--- Material provided ---
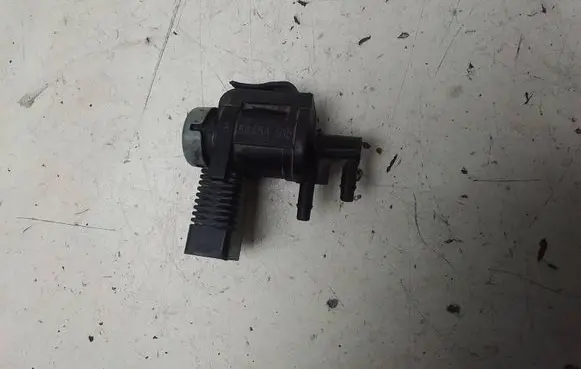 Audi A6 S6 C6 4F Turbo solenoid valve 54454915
==
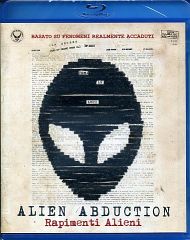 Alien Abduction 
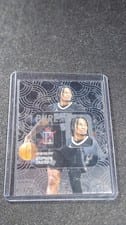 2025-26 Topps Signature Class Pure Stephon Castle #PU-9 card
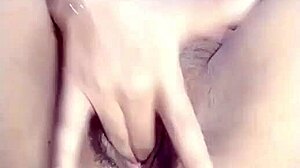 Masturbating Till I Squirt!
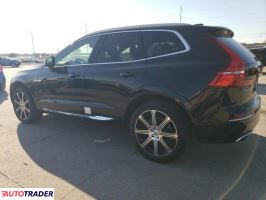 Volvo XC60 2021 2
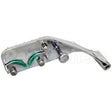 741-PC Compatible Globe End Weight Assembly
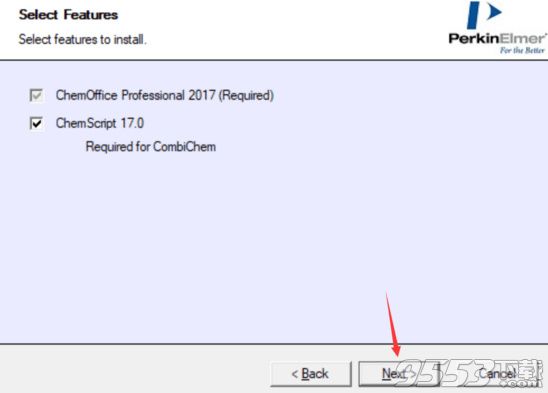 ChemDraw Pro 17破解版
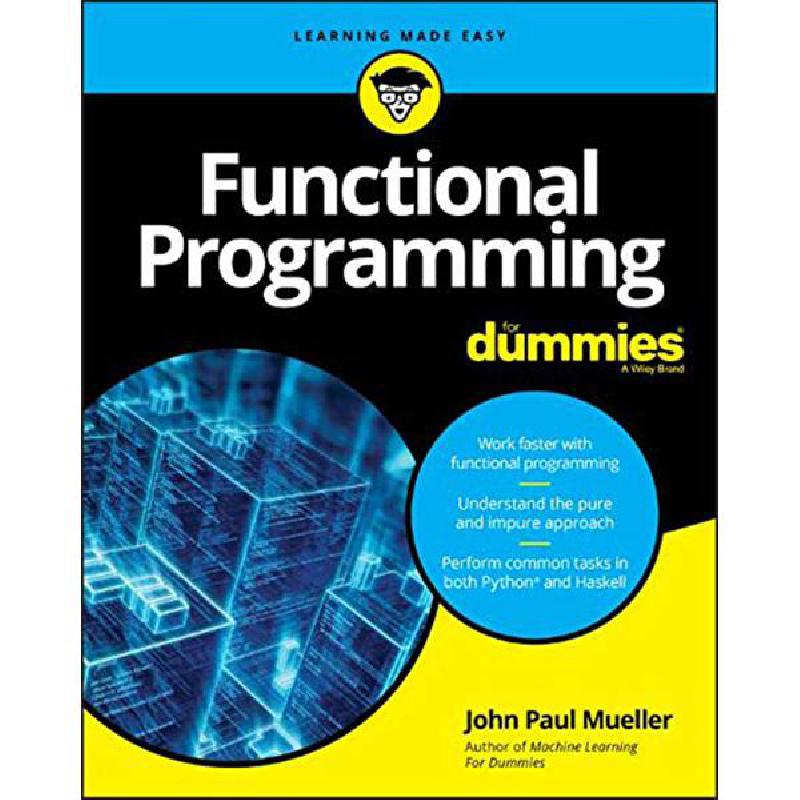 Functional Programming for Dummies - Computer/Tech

--- Exercise details ---
In the listing above, find the line with "741-PC Compatible Globe End Weight Assembly" and output it and every line after it up to and including the line with "Functional Programming for", exactly, minus the pictures.

--- Response below ---
 741-PC Compatible Globe End Weight Assembly
 ChemDraw Pro 17破解版
 Functional Programming for Dummies - Computer/Tech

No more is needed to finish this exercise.